First of all, we need to map our problem above to the terminology of equation ($\ref{eq:dp}$). Let's start with the function $\mathcal{K}$: In the scenario above, an adversary would compare the number of people with a given attribute value (e.g. $yes$) before and after inserting a new value (and adding noise to it). We therefore choose $\mathcal{K_v}(D)$ as the function that return the number of people in $D$ with an attribute value equal to $v \in [yes,no]$.

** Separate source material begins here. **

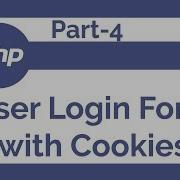 04 User Login Form With PHP Cookies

So let's assume tht $\mathcal{K_{yes}}(D_1) = n$, i.e. there are $n$ people in database $D_1$ with attribute value $yes$. If we add another person to the dataset, producing a new database version $D_2$, the new value of our function will be either $n$ or $n+1$: $\mathcal{K_{yes}}(D_2) \in [n,n+1]$, depending on the attribute value of the added person and our randomization algorithm.

Now, how can we use this to argue about privacy? Let's look at the two extreme cases:

  • If we do not add any noise at all when adding a person to the database, the value of $\mathcal{K_v}(D_2)$ will be fully determined by the attribute value of the person we add. Therefore, if the person has an attribute value $yes$, $\mathcal{K_{yes}}(D_2) = \mathcal{K_{yes}}(D_1)+1$ and $\mathcal{K_{no}}(D_2) = \mathcal{K_{no}}(D_2)$. Calculating the probabilites from equation ($\ref{eq:dp}$) for $S = [n+1]$ then yields $Pr[\mathcal{K_{yes}}(D_1) \in [n]] = 1$ and $Pr[\mathcal{K_{yes}}(D_2) \in [n]] = 0$. For this, no finite $\epsilon$ exists for which $$ \begin{equation} Pr[\mathcal{K_{yes}}(D_1) \in [n]] \le \exp{\epsilon} \times Pr[\mathcal{K_{yes}}(D_2) \in [n]] \end{equation} $$ , which means that our (non-random) function $K$ is not $\epsilon$-differentially private. This is of course what we expect since we didn't add any noise and an adversary with access to the two database versions $D_1$ and $D_2$ can learn about the attribute value of the added person with absolute certainty.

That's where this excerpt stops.